* Assigned task
Transcribe the full listing without changing a word, and omit its pictures.

* Material provided

*****

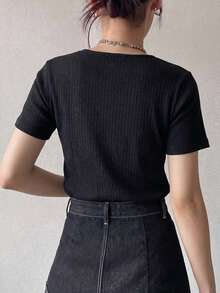 FRIFUL 女士纯色修身休闲短袖T恤，适合春夏季穿着 - 黑色 - 查看 2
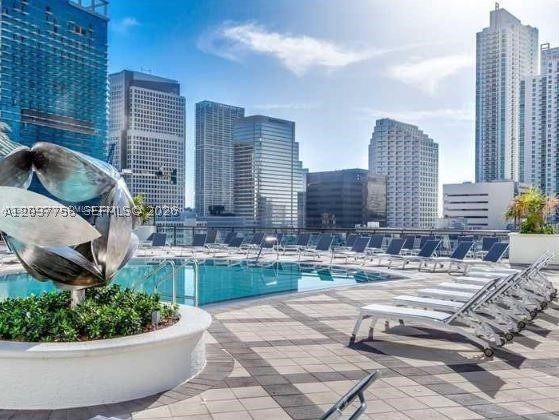 image Nine at Mary Brickell Village12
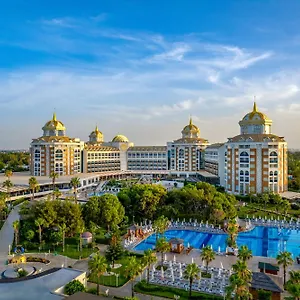 5* אתר נופש Delphin Be Grand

*****

* Exercise solution
 FRIFUL 女士纯色修身休闲短袖T恤，适合春夏季穿着 - 黑色 - 查看 2
 image Nine at Mary Brickell Village12
 5* אתר נופש Delphin Be Grand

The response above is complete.